The type of property that is familiar to most people comprises physical objects. People own clothes, cars, houses and land. Intellectual Property (IP), on the other hand, is the product of someone's mental efforts. Thus an individual's creativity and innovation can be owned in much the same way that they can own physical property.  National and International laws and conventions recognise the product of a person's mental efforts as an Intellectual Property right (IPR) 

IP is all around us. Every product or service that we use in our daily lives is usually the result of a long chain of big or small innovations, such as changes in designs, or improvements that make a product look or function the way it does today. Regardless of what product an enterprise makes or what services it provides, it is likely that it already has or is regularly using and creating a great deal of IP. For example, almost every business enterprise has a trade name and may have one or more brands and should consider protecting them as trade marks. Many will develop creative original designs. Many will have produced, or assisted in the publication, dissemination or retailing of a copyrighted work. Some may have invented or improved a product or service. 

Some forms of IP require formal application and examination before you can claim a right to ownership. Others, such as copyright, do not.

So applying for an IP right to protect your idea can be critical if you want to build a business and establish your presence in a market. It is also important to understand the different types of IP and the advantages of each. 

The main intellectual property rights cover a number of areas, including Patents for Inventions, Trade Marks, Industrial Designs and Copyright.

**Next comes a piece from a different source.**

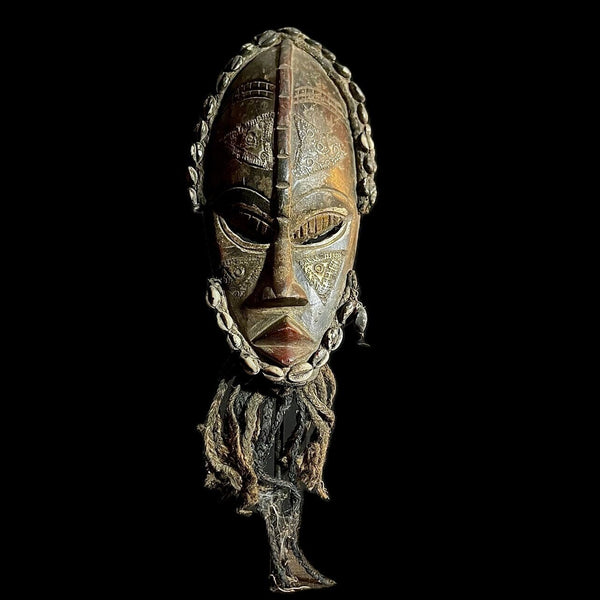 African mask antique Wall Hanging vintage masks tribal one piece Strong Cubist Dan Bird Man Wood Face Mask Early 20th Century Libera -9640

  • Patents are concerned with inventions producing a technical result - of new and improved products, processes and uses that are capable of industrial application.

  • Trade Marks are concerned with brand identity - principally of goods and services. They can be distinctive words, marks or other features, the purpose of which is to make a distinction in the mind of a customer between different traders, products and services. 

  • Designs are concerned with the appearance of a product - of the whole or a part of a product - features of, in particular, shape, configuration, contours, texture or materials of the product itself not dictated by functional considerations. 

  • Copyright is concerned with original literary works such as novels, poems and plays, musical and artistic works such as musical compositions, sound recordings and TV and radio broadcasts, software, multimedia films, drawings, maps, charts, plans, paintings, photographs and sculptures and works of architecture. Rights related to copyright include those of performing artists in their performances, producers of phonograms in their recordings, and those of broadcasters in their radio and television programs.

It should also be noted that intellectual property also encompasses such areas as know- how, trade secrets, protection of plant varieties etc.  It is often the case that more than one type of intellectual property right can be applied to the same creation.